By Shaun Hall of the Daily Courier
Marijuana grower Charles Brooks can now make plans to put in his spring crop.
"We can proceed with our season," he said Tuesday, one day after the Oregon Land Use Board of Appeals, or LUBA, issued a stay delaying enforcement of Josephine County's new restrictions on commercial pot farms.
LUBA told the county to hold off until the board decides the legality of the restrictions. The ordinance was slated to go into effect March 6.
Freed to continue operations, Brooks said he'll nurture seedlings in his greenhouse until they're ready for planting outside come June 1. His farm is southwest of Grants Pass.
Brooks is among 45 growers appealing the restrictions to the LUBA. The county in December adopted an ordinance banning commercial operations on lots 5 acres and smaller in rural residential zones, and to restrict the size of operations on larger rural residential lots unless the county grants a variance.
Brooks' property is slightly under 5 acres and in a rural residential zone. His operation possibly could have been shut down if the new rules went into effect as planned.
Because he was the first licensed grower in the state, Brooks felt he might be first on the list for enforcement. He said he was watching the calendar.
"We were checking off the days," he said. "We were at 28 days. What we were assuming: If it can go bad, it'll go bad."
Brooks and other growers are happy with the delay, but they are uncertain of LUBA's ultimate decision on the legality of the county's ordinance containing the restrictions.
"We're certainly glad there was a stay and we certainly don't know what's next," he said.
Like other growers, Brooks is disappointed the county won't allow existing marijuana farms to continue outright.
"Going forward, they could ban anything they want," he said. "They're just trying to do it retroactively."
His sentiments were expressed by others.
Mason Walker of East Fork Cultivars in Takilma said his licensed recreational marijuana operation would be virtually shut down if the ordinance went into effect. His farm, on 9 acres of land zoned rural residential, has a 40,000-square-foot growing area, which would be reduced to 5,000 under the ordinance.
Walker said he joined in the legal action reluctantly. He is a board member of a trade organization called the Craft Cannabis Alliance. It has about 50 members.
"We really wanted to find a collaborative solution" with the county, he said. "We felt neighbors had valid concerns (with farms in general)."
But, he feels the restrictions will harm the "good" growers while not solving the problem of the "bad" ones.

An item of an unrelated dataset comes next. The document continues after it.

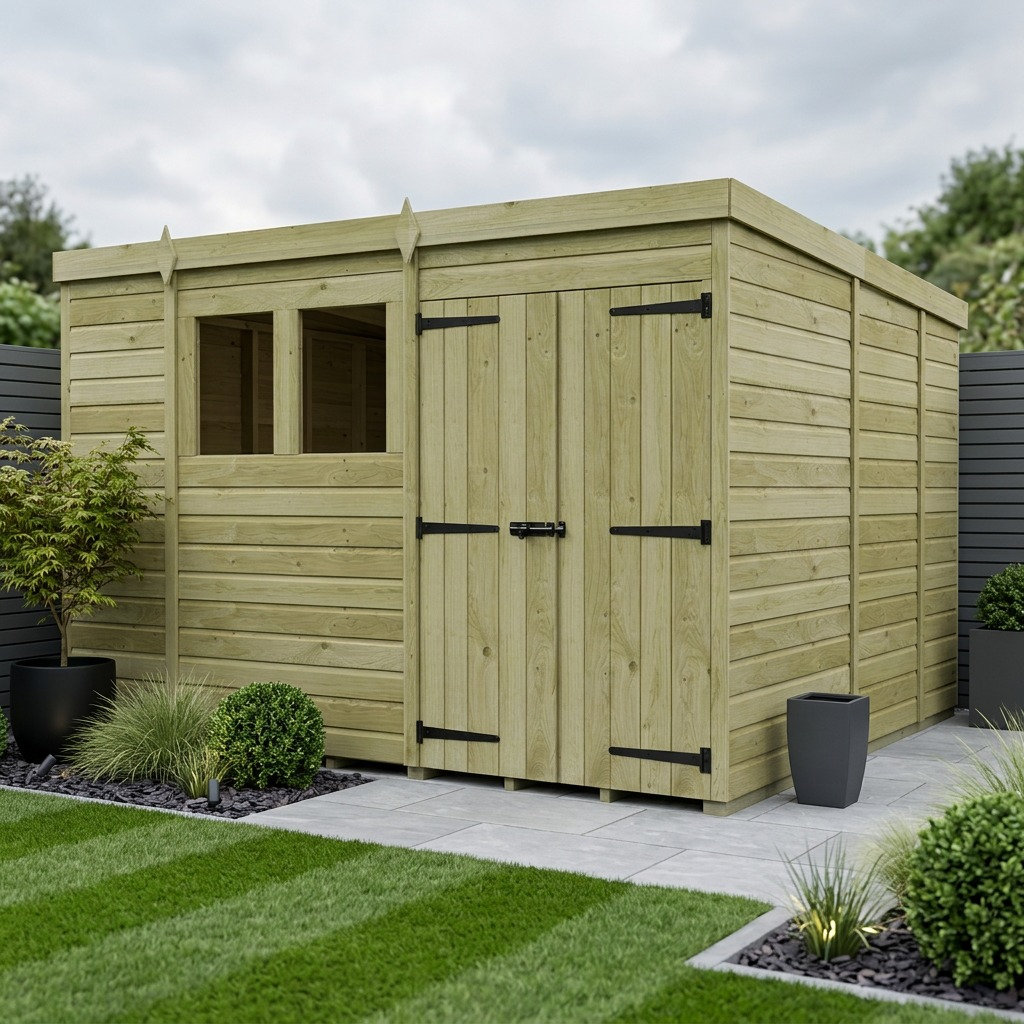 Total Sheds 10ft x 9ft Pent Garden Shed - Double Door - With Windows - Pressure Treated Timber - UK Manufactured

"I think the stay issued by LUBA was a good thing," he said. "It's an opportunity to talk about this again."
Monday's decision by LUBA was procedural and not on the merits of the case. Walker hopes the delay opens a door to discussion.

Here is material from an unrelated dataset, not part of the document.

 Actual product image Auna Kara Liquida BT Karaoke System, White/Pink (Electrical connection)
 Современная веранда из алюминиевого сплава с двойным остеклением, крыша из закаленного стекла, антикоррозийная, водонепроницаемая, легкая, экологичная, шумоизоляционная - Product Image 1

"My only fear is, because it's gone this route, because we sent it to LUBA, it may drive people to anger. My fear is it may lead to more division."
Pete Gendron of the Oregon SunGrowers Guild, another trade association, said it's yet to be decided how LUBA ultimately will rule.
"I think people might be slightly overreacting," he said. "The stay isn't entirely uncommon when it's a controversial decision."
Gendron feels that LUBA will act on the merits of the case as soon as possible.
"LUBA is taking this issue seriously and we appreciate that," he said. "This is wait and see. I'm not sure which case is stronger."
The appeal is being led by Portland attorney Ross Day. The growers' group is called Farming & Agricultural Rights Management Society, or F.A.R.M.S., a nonprofit property rights land-use organization.
Commissioners approved the measure after receiving neighbor complaints and concerns about nearby marijuana farms. Earlier in the year, voters agreed by a margin of 64 percent to 36 percent that they didn't want commercial marijuana operations in rural residential zones.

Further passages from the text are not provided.